#### [TASK TO CARRY OUT]
Reproduce all of the data exactly. Images are not to appear in the reply.

#### [COLLECTED DATA]
"""

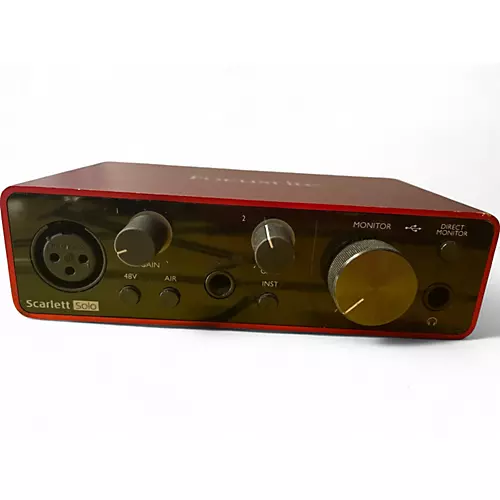 Used Focusrite Scarlett Solo Gen 3 Audio Interface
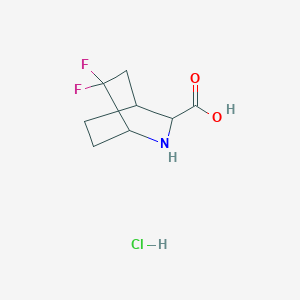 6,6-Difluoro-2-azabicyclo[2.2.2]octane-3-carboxylic acid hydrochloride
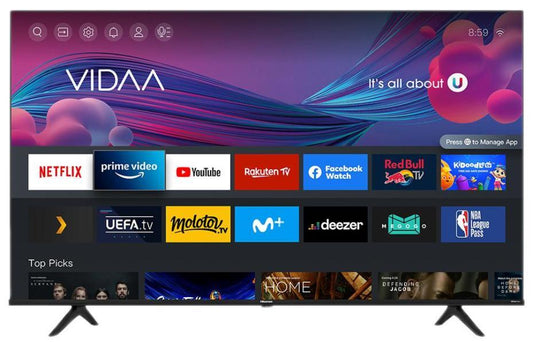 43" 4K HDR Ultra HD Smart LED TV with Freeview HD - 43A6GTUK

"""

#### [YOUR SOLUTION]
 Used Focusrite Scarlett Solo Gen 3 Audio Interface
 6,6-Difluoro-2-azabicyclo[2.2.2]octane-3-carboxylic acid hydrochloride
 43" 4K HDR Ultra HD Smart LED TV with Freeview HD - 43A6GTUK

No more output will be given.